Archive for the ‘Java’ Category

Bookmark Cleanup #2

Tuesday, April 15th, 2008

More links from my bookmarks. Mostly Java today.

More links coming soon.

Hyperic SIGAR

Monday, February 11th, 2008

Hyperic SIGAR (System Information Gatherer and Reporter) is a cross-platform, cross-language library and command-line tool for accessing operating system and hardware information in C, Java, Perl and C#. SIGAR is licensed under the GPL version 2. Not quite sure what this implies for Java projects, but anyway.

Just spotted this library as part of the upcoming GridGain 2.0 release.

Distributed File Systems

Saturday, February 9th, 2008

I’ve been thinking about the best way to configure a bunch of computers for doing large-scale machine learning experiments. One problem that always pops up is how to get some piece of the data to the node that needs to process it (a mapping in the Map Reduce framework).

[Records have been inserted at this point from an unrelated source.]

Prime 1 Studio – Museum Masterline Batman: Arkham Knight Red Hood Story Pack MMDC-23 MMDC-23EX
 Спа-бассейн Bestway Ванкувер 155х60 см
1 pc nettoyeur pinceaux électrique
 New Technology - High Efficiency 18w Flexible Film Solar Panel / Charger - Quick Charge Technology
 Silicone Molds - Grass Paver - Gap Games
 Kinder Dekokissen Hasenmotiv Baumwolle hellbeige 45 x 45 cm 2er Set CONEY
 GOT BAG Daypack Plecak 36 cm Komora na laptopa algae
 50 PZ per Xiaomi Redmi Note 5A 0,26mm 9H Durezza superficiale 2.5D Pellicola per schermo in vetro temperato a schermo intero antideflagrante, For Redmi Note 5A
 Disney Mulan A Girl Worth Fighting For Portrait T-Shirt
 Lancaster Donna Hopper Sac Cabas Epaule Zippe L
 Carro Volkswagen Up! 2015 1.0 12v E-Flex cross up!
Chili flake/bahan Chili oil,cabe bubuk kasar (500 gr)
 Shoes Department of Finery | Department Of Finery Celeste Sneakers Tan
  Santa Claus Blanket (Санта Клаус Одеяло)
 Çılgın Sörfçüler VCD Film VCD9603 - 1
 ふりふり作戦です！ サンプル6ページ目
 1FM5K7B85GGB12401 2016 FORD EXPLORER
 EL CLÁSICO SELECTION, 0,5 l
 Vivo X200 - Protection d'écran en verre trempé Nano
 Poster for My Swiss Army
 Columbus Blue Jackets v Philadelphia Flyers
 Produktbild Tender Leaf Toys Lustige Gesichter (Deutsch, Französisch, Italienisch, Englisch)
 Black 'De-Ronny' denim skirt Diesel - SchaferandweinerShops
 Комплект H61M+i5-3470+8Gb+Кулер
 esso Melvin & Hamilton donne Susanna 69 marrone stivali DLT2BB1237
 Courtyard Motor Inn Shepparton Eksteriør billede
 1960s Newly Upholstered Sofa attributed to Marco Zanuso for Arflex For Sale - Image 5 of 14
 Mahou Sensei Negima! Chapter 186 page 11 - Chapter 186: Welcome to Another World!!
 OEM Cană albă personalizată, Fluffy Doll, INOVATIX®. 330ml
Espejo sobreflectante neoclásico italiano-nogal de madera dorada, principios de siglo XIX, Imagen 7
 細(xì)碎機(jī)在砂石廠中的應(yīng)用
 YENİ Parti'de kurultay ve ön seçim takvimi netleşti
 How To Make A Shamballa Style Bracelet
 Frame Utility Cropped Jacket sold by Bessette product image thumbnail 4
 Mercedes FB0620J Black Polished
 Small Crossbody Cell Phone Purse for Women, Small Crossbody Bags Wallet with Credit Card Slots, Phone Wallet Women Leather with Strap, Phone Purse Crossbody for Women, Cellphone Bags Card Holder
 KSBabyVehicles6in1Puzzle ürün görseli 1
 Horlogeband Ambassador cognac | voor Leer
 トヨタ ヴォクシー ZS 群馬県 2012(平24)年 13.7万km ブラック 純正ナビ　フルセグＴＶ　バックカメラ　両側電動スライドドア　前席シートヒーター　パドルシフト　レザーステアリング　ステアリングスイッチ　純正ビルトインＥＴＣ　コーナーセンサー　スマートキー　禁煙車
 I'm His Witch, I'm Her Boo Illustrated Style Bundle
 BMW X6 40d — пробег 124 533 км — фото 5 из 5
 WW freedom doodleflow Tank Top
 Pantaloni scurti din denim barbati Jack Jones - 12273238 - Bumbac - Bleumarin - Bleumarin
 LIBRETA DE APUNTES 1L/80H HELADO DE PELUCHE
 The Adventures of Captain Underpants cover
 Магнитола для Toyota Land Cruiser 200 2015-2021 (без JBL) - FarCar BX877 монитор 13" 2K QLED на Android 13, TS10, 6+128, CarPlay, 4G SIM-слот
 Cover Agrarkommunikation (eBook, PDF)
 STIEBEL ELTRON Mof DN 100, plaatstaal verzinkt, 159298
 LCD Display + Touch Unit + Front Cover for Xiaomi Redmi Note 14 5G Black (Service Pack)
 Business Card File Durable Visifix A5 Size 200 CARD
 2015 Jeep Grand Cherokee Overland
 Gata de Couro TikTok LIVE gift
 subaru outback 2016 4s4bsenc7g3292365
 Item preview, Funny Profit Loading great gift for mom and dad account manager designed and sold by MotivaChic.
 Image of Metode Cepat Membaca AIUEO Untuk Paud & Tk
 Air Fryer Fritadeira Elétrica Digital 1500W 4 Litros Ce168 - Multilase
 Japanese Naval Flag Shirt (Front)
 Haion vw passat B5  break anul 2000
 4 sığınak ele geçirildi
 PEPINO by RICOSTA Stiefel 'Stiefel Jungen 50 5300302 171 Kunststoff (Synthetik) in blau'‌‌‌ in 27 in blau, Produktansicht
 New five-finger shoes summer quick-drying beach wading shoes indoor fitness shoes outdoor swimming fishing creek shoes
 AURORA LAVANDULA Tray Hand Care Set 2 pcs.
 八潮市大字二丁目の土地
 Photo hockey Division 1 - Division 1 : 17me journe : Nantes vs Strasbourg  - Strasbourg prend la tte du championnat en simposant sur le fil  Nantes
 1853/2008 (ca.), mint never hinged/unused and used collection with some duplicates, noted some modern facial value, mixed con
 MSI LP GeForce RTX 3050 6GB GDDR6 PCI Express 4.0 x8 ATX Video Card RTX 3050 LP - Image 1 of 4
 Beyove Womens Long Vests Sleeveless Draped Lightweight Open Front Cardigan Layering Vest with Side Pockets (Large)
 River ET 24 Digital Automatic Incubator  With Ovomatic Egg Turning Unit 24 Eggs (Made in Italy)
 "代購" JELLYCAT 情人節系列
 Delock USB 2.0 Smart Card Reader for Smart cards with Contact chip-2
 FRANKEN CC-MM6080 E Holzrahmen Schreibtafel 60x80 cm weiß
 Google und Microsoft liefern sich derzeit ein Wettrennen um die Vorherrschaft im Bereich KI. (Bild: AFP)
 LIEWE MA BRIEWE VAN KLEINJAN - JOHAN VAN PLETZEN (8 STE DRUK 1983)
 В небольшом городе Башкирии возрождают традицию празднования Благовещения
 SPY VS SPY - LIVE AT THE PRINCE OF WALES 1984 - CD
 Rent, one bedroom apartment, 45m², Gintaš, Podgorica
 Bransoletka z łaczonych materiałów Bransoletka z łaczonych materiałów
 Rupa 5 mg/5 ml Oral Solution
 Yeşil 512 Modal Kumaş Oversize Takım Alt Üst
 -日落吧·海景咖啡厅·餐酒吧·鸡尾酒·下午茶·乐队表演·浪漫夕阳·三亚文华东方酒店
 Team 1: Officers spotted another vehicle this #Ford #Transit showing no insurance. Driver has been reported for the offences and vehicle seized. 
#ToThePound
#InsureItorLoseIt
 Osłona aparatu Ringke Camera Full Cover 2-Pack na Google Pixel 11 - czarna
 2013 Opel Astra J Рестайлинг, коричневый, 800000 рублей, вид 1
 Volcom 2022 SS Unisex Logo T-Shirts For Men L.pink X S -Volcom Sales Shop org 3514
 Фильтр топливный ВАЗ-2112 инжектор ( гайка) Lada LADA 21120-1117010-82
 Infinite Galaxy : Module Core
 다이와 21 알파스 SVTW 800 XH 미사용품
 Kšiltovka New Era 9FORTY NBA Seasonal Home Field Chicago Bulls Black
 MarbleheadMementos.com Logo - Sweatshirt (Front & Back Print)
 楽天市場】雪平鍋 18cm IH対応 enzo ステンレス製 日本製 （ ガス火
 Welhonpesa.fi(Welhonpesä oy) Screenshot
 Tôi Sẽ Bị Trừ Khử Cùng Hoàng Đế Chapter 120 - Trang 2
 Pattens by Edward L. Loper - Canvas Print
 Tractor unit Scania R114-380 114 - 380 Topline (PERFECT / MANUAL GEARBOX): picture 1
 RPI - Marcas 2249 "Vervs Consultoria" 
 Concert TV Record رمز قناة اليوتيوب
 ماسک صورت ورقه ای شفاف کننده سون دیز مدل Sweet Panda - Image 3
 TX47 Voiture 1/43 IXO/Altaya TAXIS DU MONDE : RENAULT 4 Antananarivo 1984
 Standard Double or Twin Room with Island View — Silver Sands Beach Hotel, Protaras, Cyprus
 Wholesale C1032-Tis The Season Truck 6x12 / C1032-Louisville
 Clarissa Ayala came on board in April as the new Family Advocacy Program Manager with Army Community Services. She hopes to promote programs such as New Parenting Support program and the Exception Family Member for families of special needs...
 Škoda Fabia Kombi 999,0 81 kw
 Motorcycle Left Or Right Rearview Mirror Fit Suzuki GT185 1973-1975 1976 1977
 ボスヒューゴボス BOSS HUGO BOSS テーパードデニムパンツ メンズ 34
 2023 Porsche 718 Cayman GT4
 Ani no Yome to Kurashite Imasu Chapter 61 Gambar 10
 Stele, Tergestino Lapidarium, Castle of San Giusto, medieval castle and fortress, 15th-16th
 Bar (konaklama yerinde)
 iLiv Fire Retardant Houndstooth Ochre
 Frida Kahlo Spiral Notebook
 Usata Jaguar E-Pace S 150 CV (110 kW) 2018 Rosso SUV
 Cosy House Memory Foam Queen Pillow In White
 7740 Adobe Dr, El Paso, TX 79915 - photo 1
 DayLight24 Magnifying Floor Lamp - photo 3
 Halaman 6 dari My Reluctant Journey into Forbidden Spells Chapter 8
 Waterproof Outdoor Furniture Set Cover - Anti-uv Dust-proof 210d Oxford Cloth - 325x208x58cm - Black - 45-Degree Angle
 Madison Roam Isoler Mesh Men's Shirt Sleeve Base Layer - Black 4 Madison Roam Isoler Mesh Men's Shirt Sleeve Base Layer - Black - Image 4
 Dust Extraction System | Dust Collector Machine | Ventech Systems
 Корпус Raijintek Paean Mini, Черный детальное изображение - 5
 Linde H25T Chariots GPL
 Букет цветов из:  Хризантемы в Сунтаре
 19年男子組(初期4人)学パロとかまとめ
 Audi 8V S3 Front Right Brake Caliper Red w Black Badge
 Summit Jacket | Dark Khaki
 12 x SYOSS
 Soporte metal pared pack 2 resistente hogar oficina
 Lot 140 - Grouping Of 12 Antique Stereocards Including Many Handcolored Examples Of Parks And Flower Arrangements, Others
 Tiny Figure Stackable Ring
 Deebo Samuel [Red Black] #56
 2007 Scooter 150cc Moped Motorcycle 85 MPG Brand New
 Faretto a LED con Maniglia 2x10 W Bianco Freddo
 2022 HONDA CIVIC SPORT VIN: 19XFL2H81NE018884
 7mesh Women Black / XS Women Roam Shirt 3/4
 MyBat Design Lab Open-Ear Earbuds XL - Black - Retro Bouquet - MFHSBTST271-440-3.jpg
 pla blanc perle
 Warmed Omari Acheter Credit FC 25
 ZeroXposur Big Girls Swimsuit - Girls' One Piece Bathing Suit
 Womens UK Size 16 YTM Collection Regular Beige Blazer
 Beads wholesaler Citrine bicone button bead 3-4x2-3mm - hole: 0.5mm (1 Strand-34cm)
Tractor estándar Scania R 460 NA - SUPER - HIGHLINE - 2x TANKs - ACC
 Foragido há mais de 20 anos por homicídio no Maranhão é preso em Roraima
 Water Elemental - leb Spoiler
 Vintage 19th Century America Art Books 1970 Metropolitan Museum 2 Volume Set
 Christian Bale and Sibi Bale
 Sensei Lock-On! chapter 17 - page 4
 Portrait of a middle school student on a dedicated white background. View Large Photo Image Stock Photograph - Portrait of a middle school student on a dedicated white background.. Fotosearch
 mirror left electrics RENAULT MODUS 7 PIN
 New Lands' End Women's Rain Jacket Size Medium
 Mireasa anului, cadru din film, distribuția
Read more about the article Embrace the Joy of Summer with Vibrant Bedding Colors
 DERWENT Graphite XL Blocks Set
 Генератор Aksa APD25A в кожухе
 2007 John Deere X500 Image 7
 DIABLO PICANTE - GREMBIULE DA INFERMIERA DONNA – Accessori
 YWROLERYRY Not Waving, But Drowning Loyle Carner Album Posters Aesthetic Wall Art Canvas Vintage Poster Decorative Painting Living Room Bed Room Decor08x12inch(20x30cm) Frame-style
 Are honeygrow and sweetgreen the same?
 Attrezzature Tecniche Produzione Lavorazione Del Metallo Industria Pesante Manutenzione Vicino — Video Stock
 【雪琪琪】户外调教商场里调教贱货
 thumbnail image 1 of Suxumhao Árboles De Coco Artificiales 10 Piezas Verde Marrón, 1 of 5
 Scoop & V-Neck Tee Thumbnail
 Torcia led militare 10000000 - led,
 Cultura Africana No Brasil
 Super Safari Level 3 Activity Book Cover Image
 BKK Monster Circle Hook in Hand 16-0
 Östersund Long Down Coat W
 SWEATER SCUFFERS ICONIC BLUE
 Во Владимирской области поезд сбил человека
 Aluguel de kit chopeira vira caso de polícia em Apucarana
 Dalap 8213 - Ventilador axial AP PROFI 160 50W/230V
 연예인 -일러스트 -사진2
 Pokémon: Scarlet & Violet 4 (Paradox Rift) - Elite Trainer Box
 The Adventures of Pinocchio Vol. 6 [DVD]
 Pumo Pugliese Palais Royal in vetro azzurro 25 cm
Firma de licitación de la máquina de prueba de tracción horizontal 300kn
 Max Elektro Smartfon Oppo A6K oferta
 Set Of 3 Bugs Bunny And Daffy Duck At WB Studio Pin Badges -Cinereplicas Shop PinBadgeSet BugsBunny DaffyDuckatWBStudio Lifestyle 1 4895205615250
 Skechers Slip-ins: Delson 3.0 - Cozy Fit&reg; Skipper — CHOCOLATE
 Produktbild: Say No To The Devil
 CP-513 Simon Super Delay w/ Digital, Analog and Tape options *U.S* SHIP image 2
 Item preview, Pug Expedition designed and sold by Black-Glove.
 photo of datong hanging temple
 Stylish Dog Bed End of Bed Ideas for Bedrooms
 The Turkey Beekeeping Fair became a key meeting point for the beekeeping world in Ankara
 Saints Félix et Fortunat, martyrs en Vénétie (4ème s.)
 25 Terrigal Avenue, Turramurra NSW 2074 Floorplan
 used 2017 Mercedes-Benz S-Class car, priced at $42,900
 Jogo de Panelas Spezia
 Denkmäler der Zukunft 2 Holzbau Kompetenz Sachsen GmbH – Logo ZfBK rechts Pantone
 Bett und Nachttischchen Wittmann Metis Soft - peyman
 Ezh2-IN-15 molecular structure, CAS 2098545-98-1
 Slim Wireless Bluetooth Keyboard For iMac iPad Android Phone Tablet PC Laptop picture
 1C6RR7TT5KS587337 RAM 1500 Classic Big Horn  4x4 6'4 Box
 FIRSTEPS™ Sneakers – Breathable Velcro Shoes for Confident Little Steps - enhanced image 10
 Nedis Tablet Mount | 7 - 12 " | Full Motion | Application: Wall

You can cook up various schemes to distribute the data, but in the end I don’t think anything is going to beat the simplicity of a shared file system. However, when your cluster starts getting big and your data starts getting large, you start running into problems with traditional shared file systems like NFS (contention mostly). This leads one to consider a truly distributed file system.

It should come as no surprise that Google has the Google File System. I think many of the amazing things the people at Google are able to do can be attributed to the fact that they have their map-reduce and distributed file system infrastructure properly sorted out.

For the rest of us, there’s Hadoop, which is nice, but still not quite as easy to use as I’d like it. Ideally, I want to install the latest version of my Linux distribution or run a setup program on Windows and it should just work. No mess, no fuss. On Windows I want to see my distributed file system as a drive letter (or as a directory on Linux): this makes it easy to make legacy applications (C++ programs, MATLAB scripts, etc.) operate on your data. Along these lines, Hadoop has something called Pipes which could be used in some cases, but ideally I want the fact that I’m operating on distributed data to be completely transparent to my applications.

Here OpenAFS is showing some promise. It seem some guys are working on an IFS driver for OpenAFS (see OpenAFS for Windows Requested Features and Road Map). IFS looks like the right way to integrate a new file system with the Windows platform. Last I checked, Hadoop didn’t support all the functions of a general purpose file system, but maybe it could still be integrated with IFS to give a it a really nice interface for Windows users. I don’t know what OpenAFS does on Linux, but I’m assuming it works nicely there already. I should investigate…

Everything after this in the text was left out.